*WHAT TO WORK ON:* Write out exactly the lines below starting at the one containing "Furlinic Schmaler Duschvorhang" and ending at the one containing "Capybara Collage Flanell". Omit every picture.

(RECORDS SUPPLIED begins)

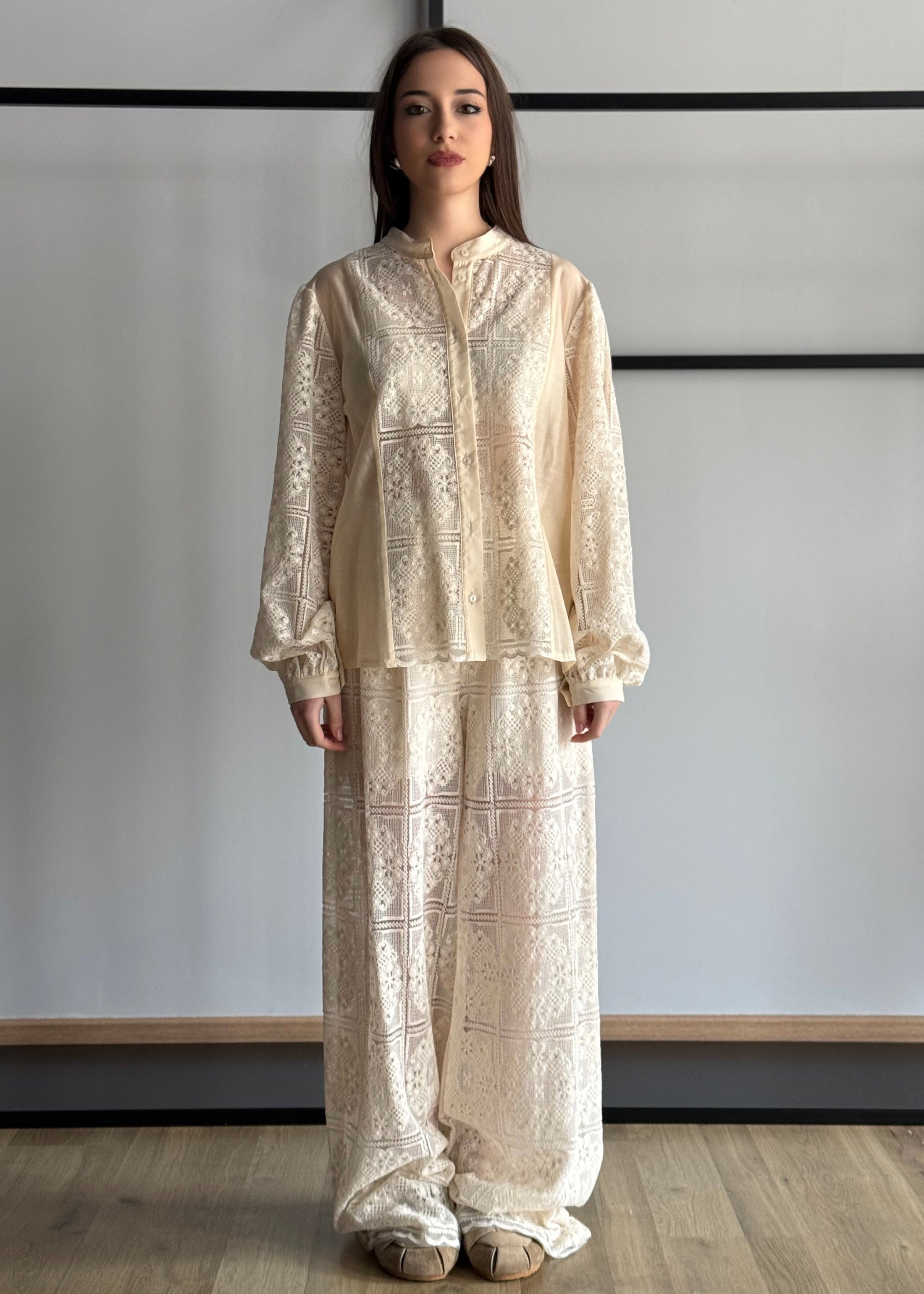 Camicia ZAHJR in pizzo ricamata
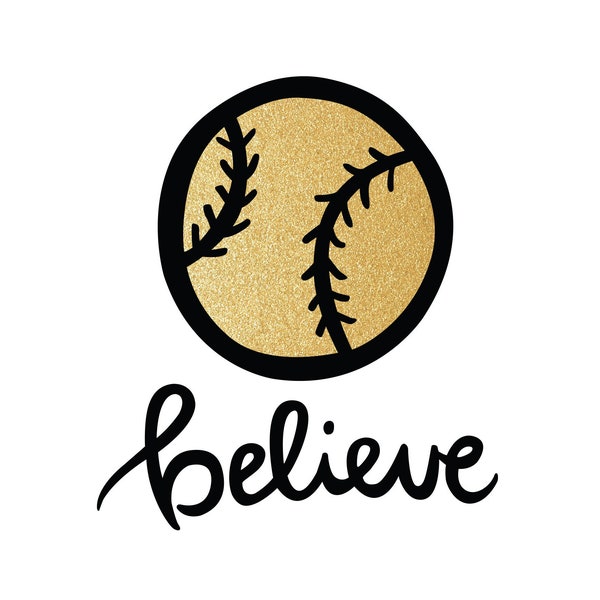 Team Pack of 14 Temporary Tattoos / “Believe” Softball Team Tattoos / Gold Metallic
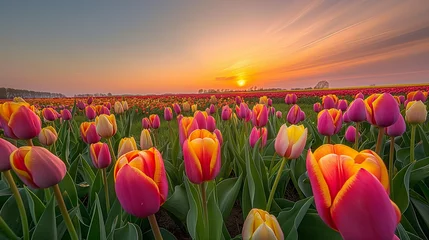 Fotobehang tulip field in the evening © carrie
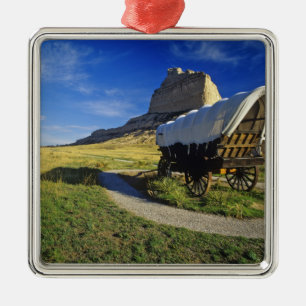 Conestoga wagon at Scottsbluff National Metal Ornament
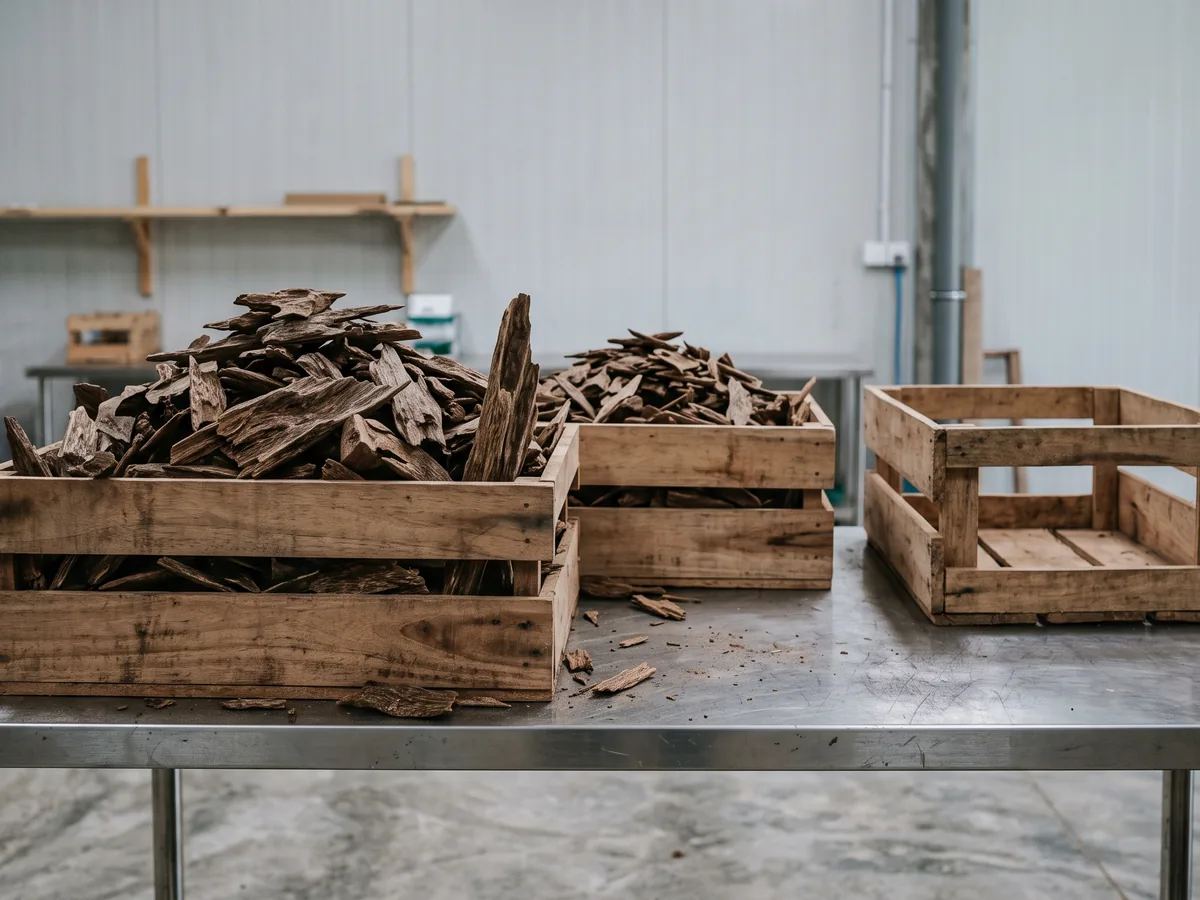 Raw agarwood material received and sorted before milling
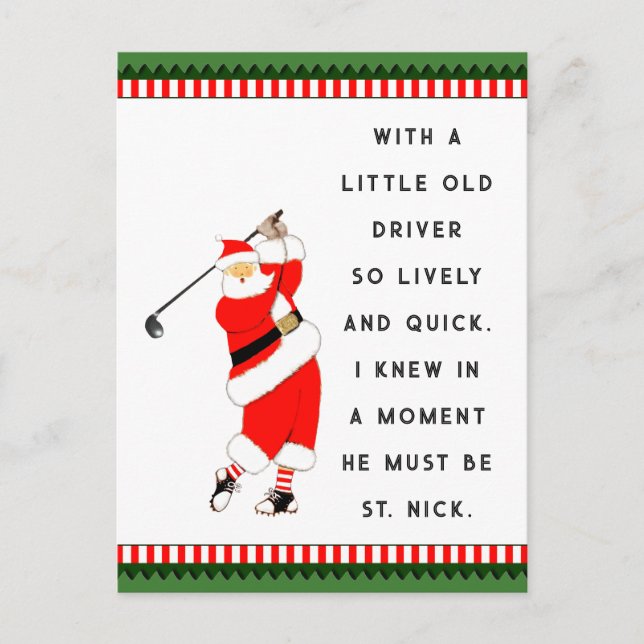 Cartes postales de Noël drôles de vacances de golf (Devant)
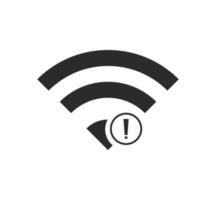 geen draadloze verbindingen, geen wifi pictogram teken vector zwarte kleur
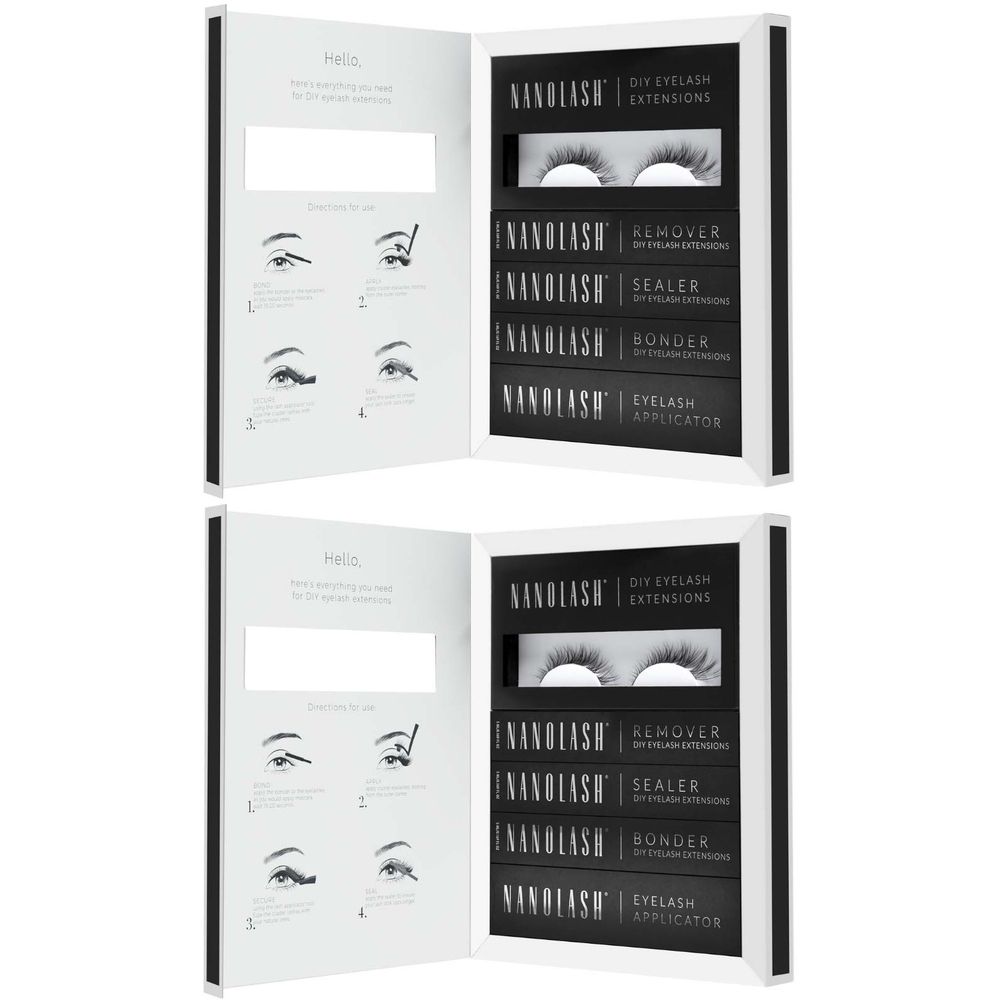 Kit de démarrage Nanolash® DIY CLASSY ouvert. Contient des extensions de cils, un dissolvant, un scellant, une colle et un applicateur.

(RECORDS SUPPLIED ends)
(RECORDS SUPPLIED begins)

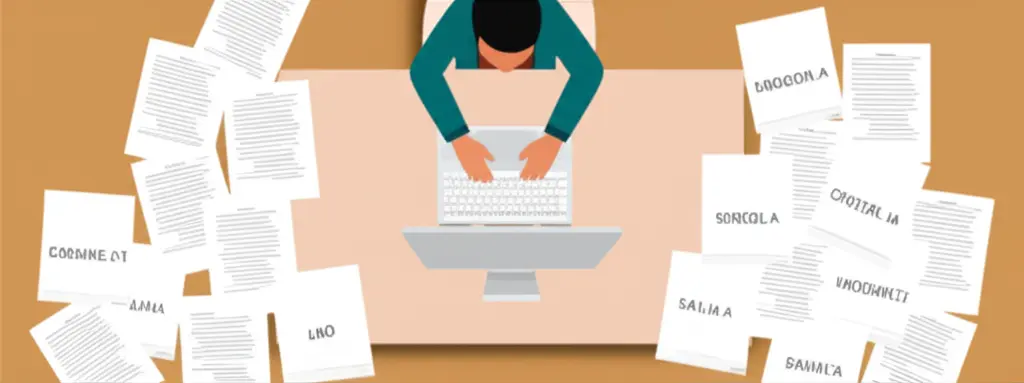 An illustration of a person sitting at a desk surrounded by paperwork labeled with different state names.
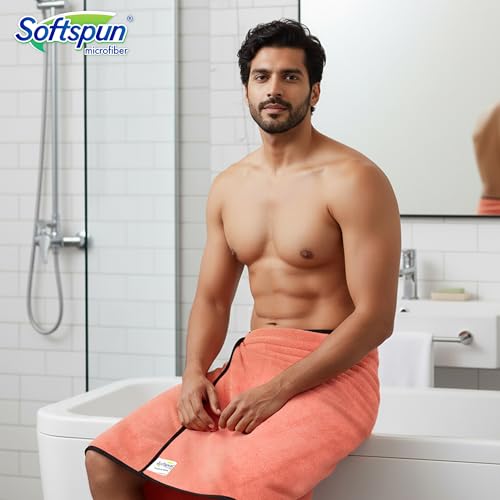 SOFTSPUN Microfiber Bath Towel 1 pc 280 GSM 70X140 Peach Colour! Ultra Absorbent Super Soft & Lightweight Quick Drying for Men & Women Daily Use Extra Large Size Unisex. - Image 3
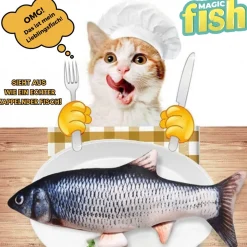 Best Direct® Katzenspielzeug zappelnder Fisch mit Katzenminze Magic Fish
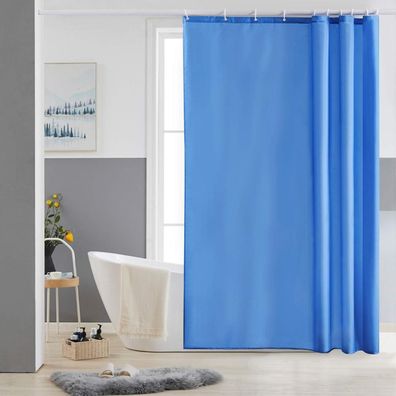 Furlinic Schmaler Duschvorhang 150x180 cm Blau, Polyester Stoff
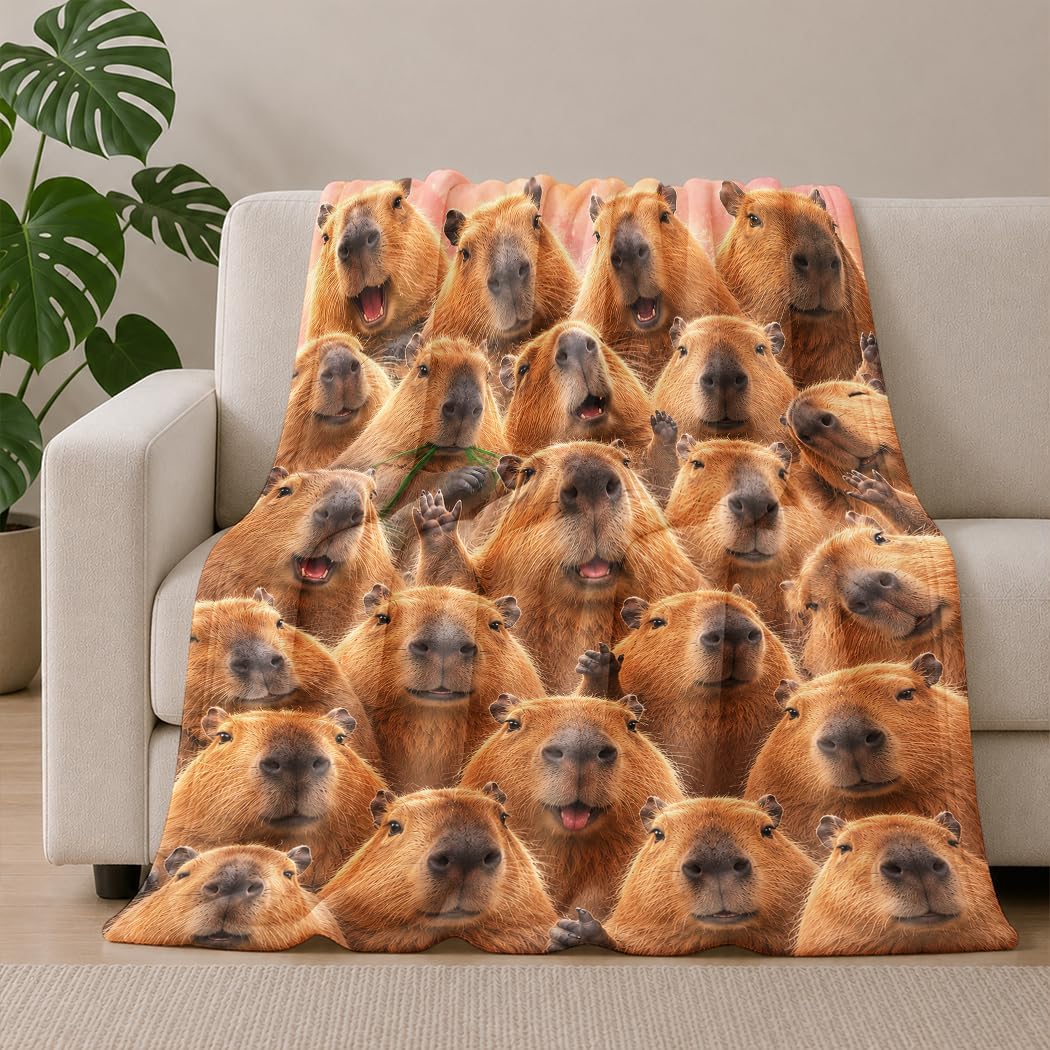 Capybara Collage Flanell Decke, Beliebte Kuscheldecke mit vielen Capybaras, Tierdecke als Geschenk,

(RECORDS SUPPLIED ends)

*REPLY TO THE EXERCISE:*
 Furlinic Schmaler Duschvorhang 150x180 cm Blau, Polyester Stoff
 Capybara Collage Flanell Decke, Beliebte Kuscheldecke mit vielen Capybaras, Tierdecke als Geschenk,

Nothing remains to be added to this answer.